[a vi r]

|173 La seconde partie de ce livre est des temptacions faictes aux mourants.

|174 Et premierement de la foy.

|175 Sachent toutes creatures, hommes et femmes, les quelz ont a passer de ce monde en l’autre, comme il soit ainsi qu’il n’est nul qui ne gouste la mort |176 il est assavoir pour tout vray que ceulx qui sont constituéz a mourir ont a celle heure telles temptacions de nostre adversaire l’ennemy d’enfer que oncques en leur vie n’eurent a congnoistre. |177 Entre les quelles en y a cinq principales |178 des quelles la premiere est de la foy |179  pour ce que elle est le fondement et commencement de tout salut.

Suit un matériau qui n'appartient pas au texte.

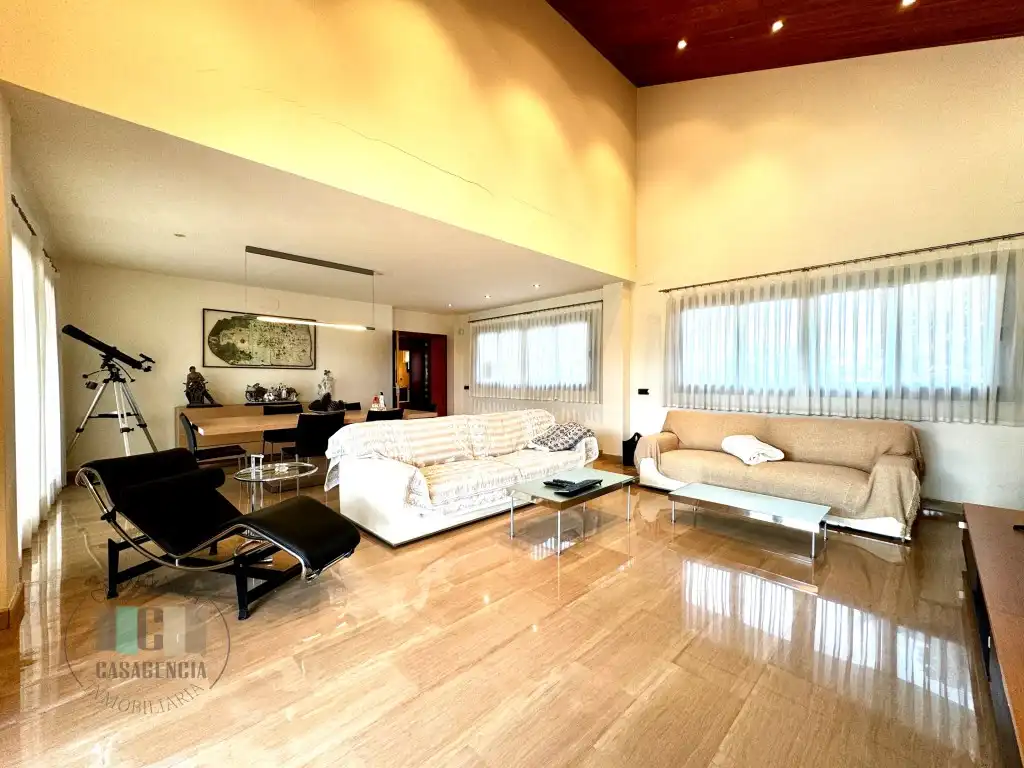 Casa o chalet en venta en Via Augusta, Les Alqueries / Alquerías del Niño Perdido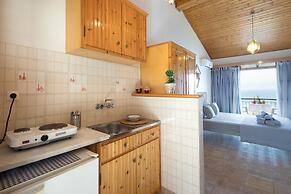 Casa dei Venti - Sea View Apartments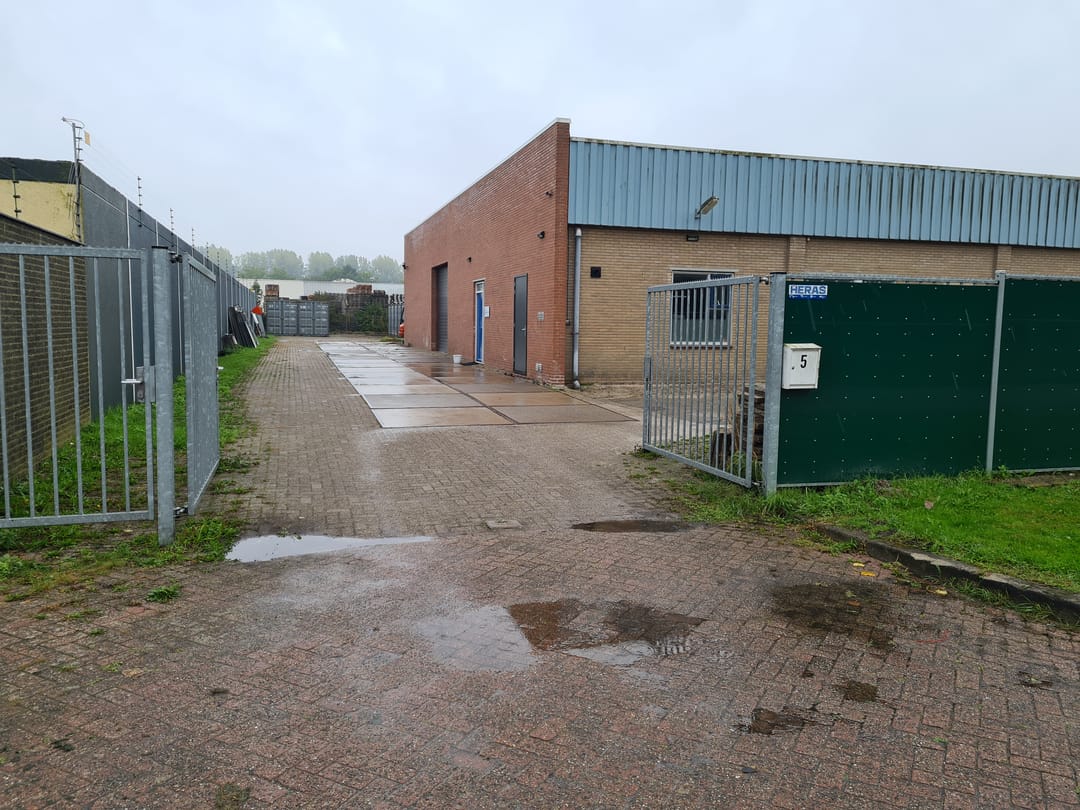 Foto 2 van Kwikstraat 5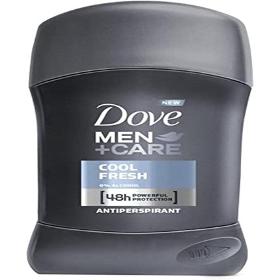 Dove Men+Care Cool Fresh Roll-On Deodorant 50ml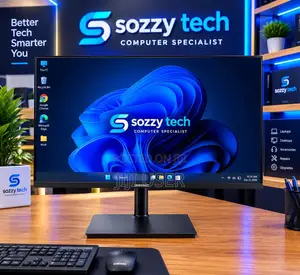 Samsung S27H850QFU Computer IPS Monitor 2560 X 1440 Pixels QHD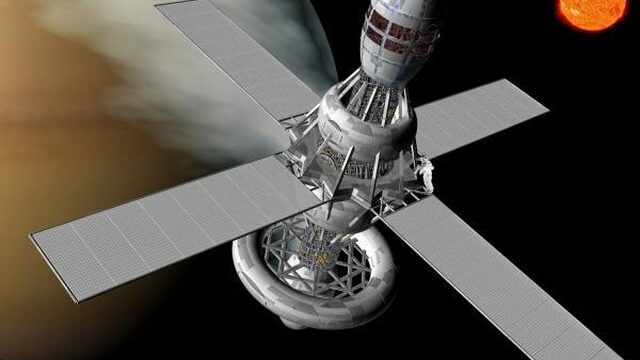 TrendingVandaag: nieuwe weersatelliet NASA moet levens redden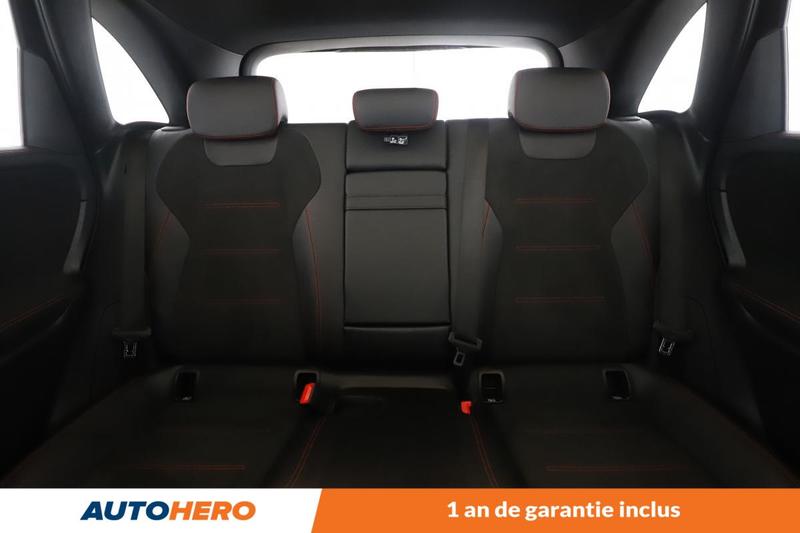 Mercedes Classe B 180 d Amg Line Edition 7g-Dct 116 ch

|180 Et, pour ce congnoissant icelle chose, le glorieux apostre saint Pol disoit : |181Fundamentum aliud nolo ponere nisi id quod prius positum est, |182 c’est a dire « Il n’est point en puissance de mettre fondement plus ediffiant en salut que celluy le quel j’ay mys ». |183 Et, a celle cause, iceluy mesmes apostre nous le dit et tesmoigne par cest escript, c’est assavoir |184Sine fide impossibile est placere Deo, |185 c’est a dire que « Sans foy, il est impossible de plaire a Dieu ». |186 Et de cecy dit saint Augustin : |187Fides est omnium bonorum fundamentum et humane salutis inicium, |188 c’est a dire que « La foy est le fondement de tous biens et commencement du salut humain. »

|189 O creature raisonnable et ame devote, ayes donc la foy et croy ces choses et doubte le dit de saint Jehan escript au .iii. chapitre de sa Canonique, disant : |190 Qui non credit, jam judicatus est, |191 c’est a dire que « Celuy qui ne croit et a ferme foy, il est ja venu au jugement et est jugié ».

|192 Et pourtant, nostre adversaire, sachant la grande vertu et preeminence de la foy, |193 la force aussi que elle a de resister encontre luy et congnoissant que sans icelle nulle creature ne peut estre sauvee et que par elle on a aide et secours, |194 pour telles causes, autant comme il peut, il met paine, de toute sa puissance, de pervertir et tourner l’omme hors de la foy quant il est au labour de la mort |195 ou, au moins, il luy presente aucunes choses soubtilles par les quelles il le puisse decevoir, c’est assavoir par aucunes folles erreurs les quelles il met aux creatures maintenant, |196 comme croire par heresie autrement qu’on ne doit et autres telles folles choses, esquelles il met grant paine affin de faire pervertir l’omme hors de la foy.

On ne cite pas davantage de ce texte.